There was one more summer holiday to get through. On a hot July day the Gissings struggled from Epsom to King's Cross, where George found seats in two carriages (one for himself, one for Edith and Alfred). They had taken rooms at Bolton Castle, where they met up with Walter. At first Edith liked it - it was so nice to be somewhere new - but the boys were a nuisance. The food was bad, and country people didn't empty their privies. Still, Alfred was a darling. He could recognise the animals in picture books, and came each night for a kiss. But Walter was quarrelling with his mother now, and seemed to be turning into a scruff. George had begun clinically writing down Edith's every outburst, at first in the diary, and then in a pocket-book as events happened. Sometimes he asked Walter to quote words as a witness. Things could hardly have got much worse.

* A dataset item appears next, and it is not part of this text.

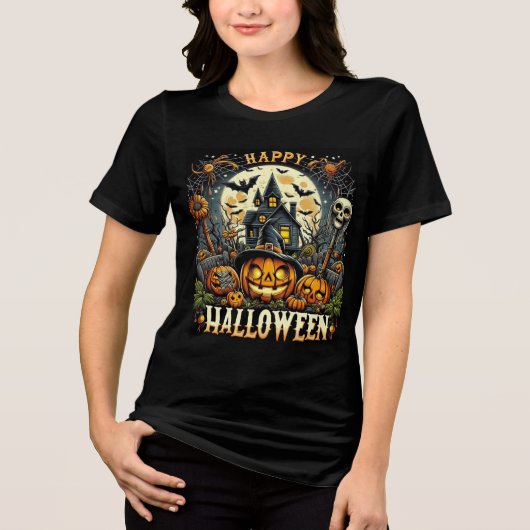 T-shirt En Tri-matière Happy Halloween Spooky Haunted House & Pumpkins (Recto)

On September 14th, George bought a portmanteau for storing his papers. The same day, he received an offer of help from Eliza Orme. Closer acquaintance with Edith had weakened her instincts of sisterhood, and she was now ready to help smooth the break-up of the marriage. Edith and Alfred could go and live with her instead of taking lodgings; that seemed best, and it could be done for £50 a quarter. After that it was time to pack the books (15 cases of them) and the furniture. The removal van arrived on the 17th, and by 1.30 everything was stowed away. Edith - raging to the end - accompanied her husband to the station, where they took the 2.59, the wife changing trains for Tulse Hill and the husband going on to Victoria. And so, after three traumatic years, the Gissing connection with Epsom was at an end.
Jeremy Harte © 2011
Quotations from:
Paul Delany, George Gissing: A Life (Weidenfeld & Nicolson, London, 2008).
George Gissing, London and the Life of Literature in late Victorian England: The Diary of George Gissing. Novelist, ed. Pierre Coustillas (Harvest, Hassocks, 1978).
Gillian Tindall, The Born Exile: George Gissing (Temple Smith, London, 1974).